The Lines on the framing floor will be beside the posts and beams, just as they are outside the edge of the plan.
The Lines needed to erect the crib are as minimal as those needed to layout the floor.























Monday, September 17, 2018

The Vail House, c. 1805, Bennington, Vermont

 

The Vail House was deconstructed this past summer for repair and reconstruction in another town.


 

It was once one of the most stylish houses in Bennington, its architraves and columns more complex than most local houses, its fanlight and surround unique to this part of Vermont. 
Similar details exist on a few houses across the border in New York.

The Victorian updating can be seen here - the double windows on the first floor, right, and the porch with curly brackets   Well executed at the time and then let go.
  I measured and photographed it about 4 years ago. I wish I had documented it more carefully. I have no image of the front of the house!
















On September 16, I will include its  geometry as part of my presentation  'Practical Geometry' for the Bennington Historical Society lecture series at the Bennington Museum.


















The family wanted a broad front hall with space for a sweeping staircase. This was the new style. The framer's answer was to  add 1/3 of the width to each side. The red square in the center shows how this worked. It was divided into 3 equal parts using the Rule of Thirds.
The house was to be 3 parts  deep and 5 parts wide. 

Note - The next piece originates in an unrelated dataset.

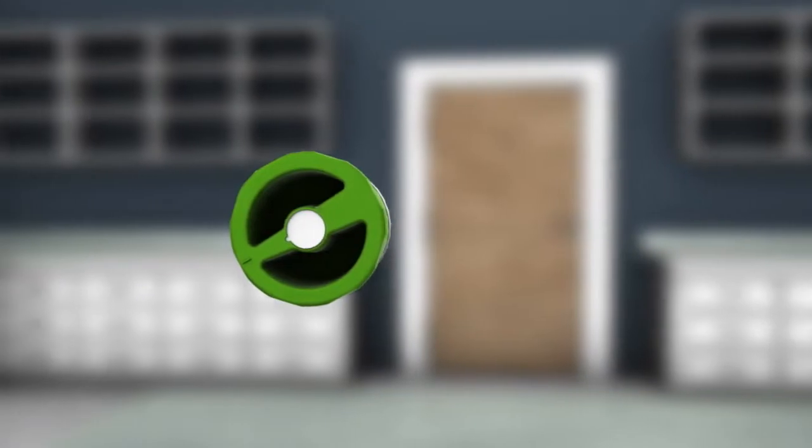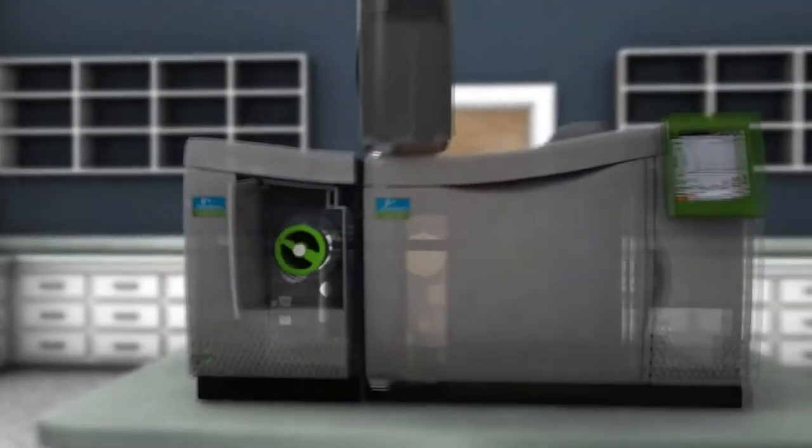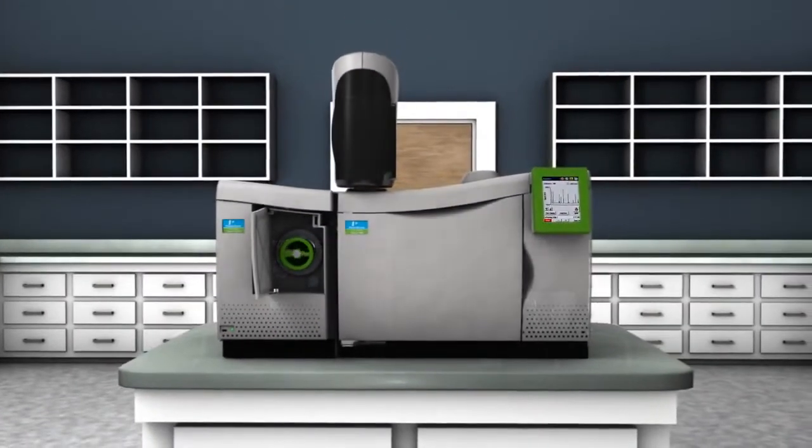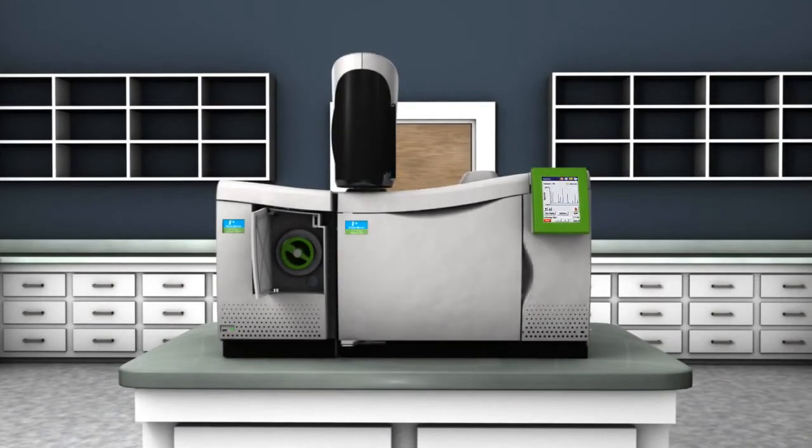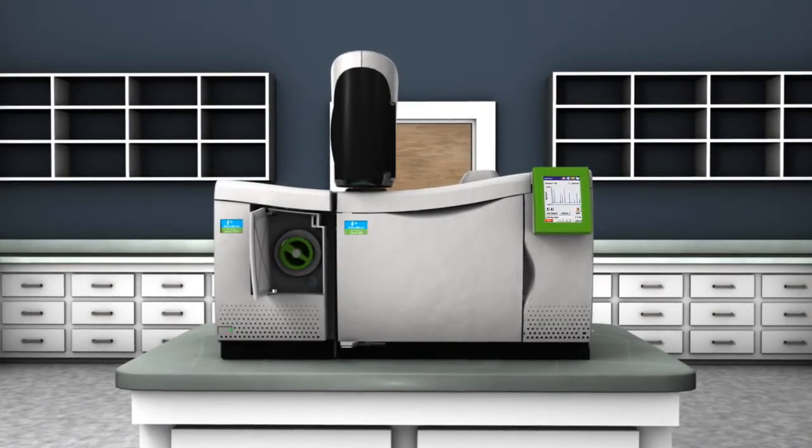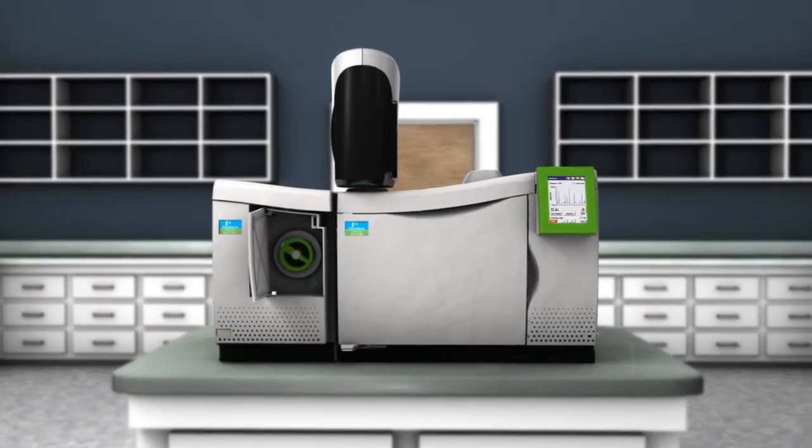Located on the front of the CLARIS SQ8 GC-MS, the source can be removed without exposing the analyzing quadrupole, minimizing the risk of contamination to ensure more reliable performance.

As you can see the division into 3 is not quite where the posts and beams are.
While the size was set by an addition of proportional lengths, the rooms were set by a different application of the Rule of Thirds . I call it 'Crosses Squares' .

 Each side is a square, the Rule of Thirds applied to each side makes the front rooms square, the back rooms long and skinny, The posts and beams are set where the walls will be. 
Usually the front hall will be the width of the extra third. Here you can see that it is wider.  Or perhaps the house is wider... slide those 
squares on each side towards each other about a 12" and the  crosses squares would mesh.

The floor plan is traditional for this part of Vermont: 2 square front rooms, a long skinny space in the back divided into smaller rooms, the plan of a salt box. I wrote about this in an earlier post:  http://www.jgrarchitect.com/2016/06/the-persistence-of-saltbox-floor-plan.htm





 This is the west elevation. The shutters are a later addition.

Here is the Practical Geometry: a square in the middle, with the left and right sides 1/4 of the whole. The Lines locate the windows' size and placement. The sash themselves are squares, which is in keeping with the layout. The  decorative architrave's height is determined by the half of the square.

As I did not measure the exterior extensively I have not tried to layout the geometry of the corner boards or the frieze.
The photographs show that I have not accurately located the quarter circle vents in the eaves.  They are farther apart than I drew them, The proper location is probably on the 1/4 line of the square.
I think the roof pitch matches the Lines which divide the square into quarters - or the dash dot line I use to call out the left quarter of the house. This would be a logical choice:  a natural choice, using proportions the framer already is working with and also complementing the design of the house.